PyMOL(TM) Molecular Graphics System, Version 2.1.0.
 Copyright (c) Schrodinger, LLC.
 All Rights Reserved.
 
    Created by Warren L. DeLano, Ph.D. 
 
    PyMOL is user-supported open-source software.  Although some versions
    are freely available, PyMOL is not in the public domain.
 
    If PyMOL is helpful in your work or study, then please volunteer 
    support for our ongoing efforts to create open and affordable scientific
    software by purchasing a PyMOL Maintenance and/or Support subscription.

    More information can be found at "http://www.pymol.org".
 
    Enter "help" for a list of commands.
    Enter "help <command-name>" for information on a specific command.

 Hit ESC anytime to toggle between text and graphics.

 Detected OpenGL version 2.0 or greater. Shaders available.
 Detected GLSL version 4.60.
 OpenGL graphics engine:
  GL_VENDOR:   NVIDIA Corporation
  GL_RENDERER: Quadro FX Tesla M60/PCIe/SSE2
  GL_VERSION:  4.6.0 NVIDIA 390.57
 Adapting to Quadro hardware.
 Detected 16 CPU cores.  Enabled multithreaded rendering.

In the PyMOL window, run “fetch 5ta3”, which is a 39k amino acid protein, under the 4K desktop environment.
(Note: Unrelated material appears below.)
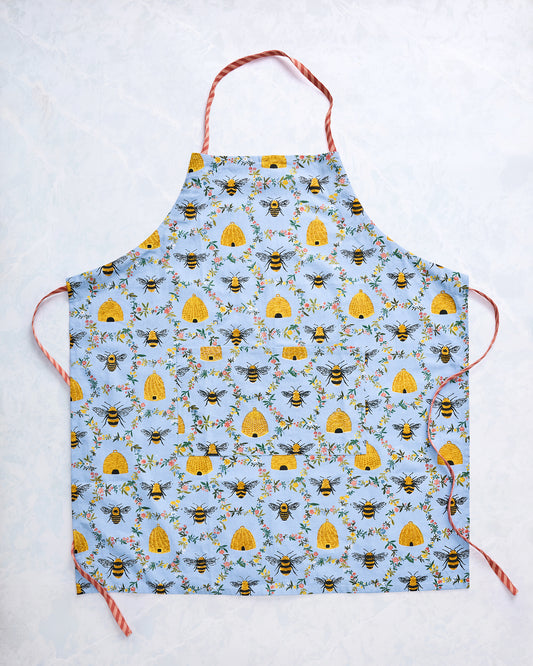 Sweet Bee - Apron - Soft Blue - Printfresh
Rotating and translating the protein should be smooth and respond quickly to pointer events.

The PyMOL Gallery contains other representative examples that take advantage of various visualization and processing workflows. Also, you can find many demos (choose Wizard, Demo).

Under the Sculpting demo, you can show the pointer latency between the client and server.
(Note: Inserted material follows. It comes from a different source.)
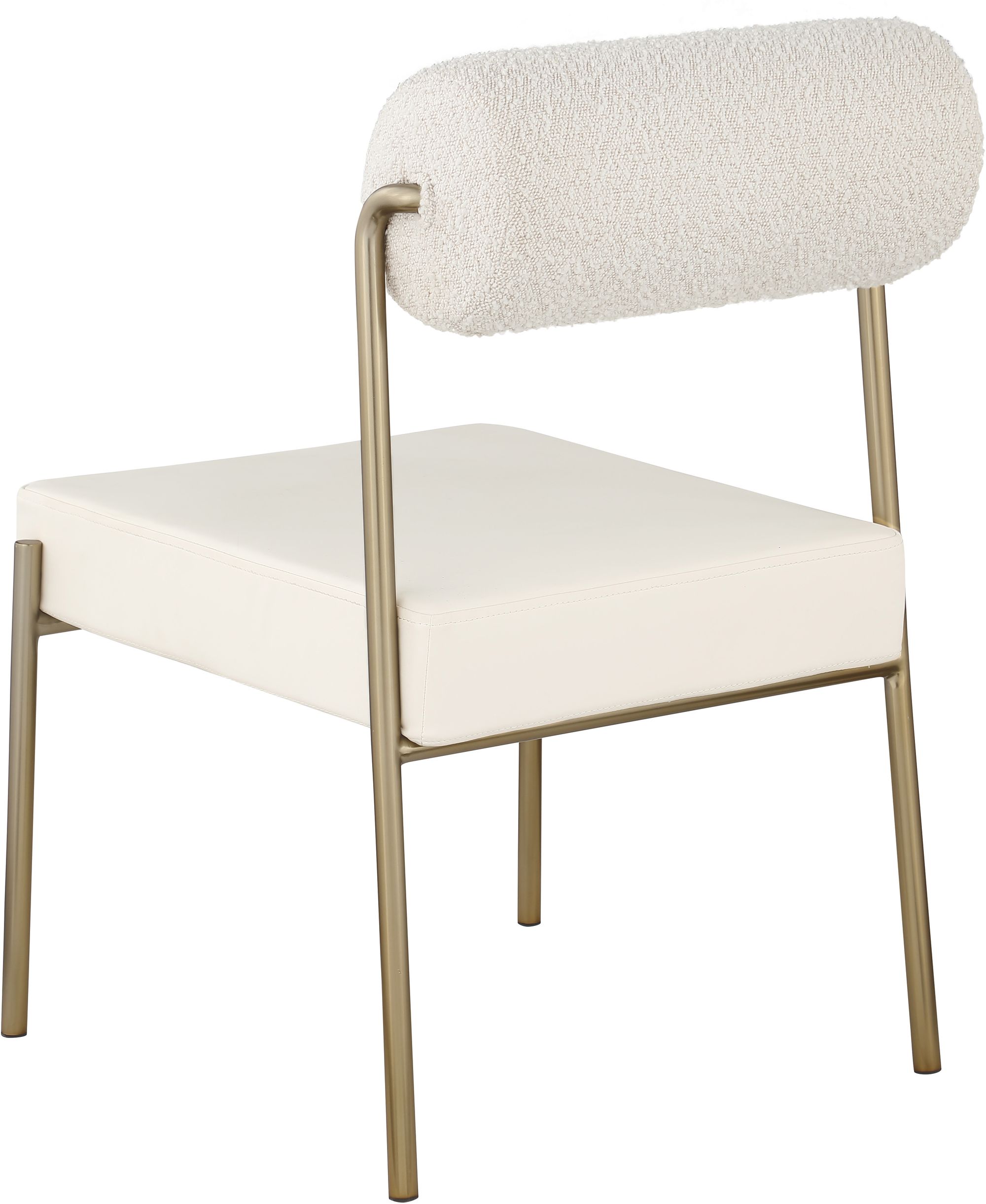 Carly Boucle Fabric & Faux Leather Dining Chair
Finally, look at ray tracing. From the PyMOL wiki, take a chemical structure and render each frame with ray tracing to produce a video. On the Tesla M60 with Quadro features enabled, the total render time was approximately 1 minute.

Scalability

As I mentioned previously, the framebuffer redirection protocols have a feature set to create multiple virtual sessions per node. A virtual session is not necessarily tied to a single user either. In other words, the number of independent virtual sessions is limited by the total amount of GPU frame buffer memory used in all sessions per GPU. Thus, it’s possible to scale horizontally by increasing the number of G3 instances, or vertically by using larger instance types in the G3 family.

Summary

The G3 instance type is purpose-built to provide a managed high-end professional graphics infrastructure for visual computing needs. With NICE DCV, we can take advantage of NVIDIA Quadro software features for a range of applications including drug discovery and VFX rendering. It should be noted that this deployment will also work with the new 8K and 12K monitors that are now commercially available. Connected with the AWS high performance network backbone, the instance can become an integral part of your graphics workload pipeline. Now, you can power-up and deliver your applications to teams working anywhere in the world.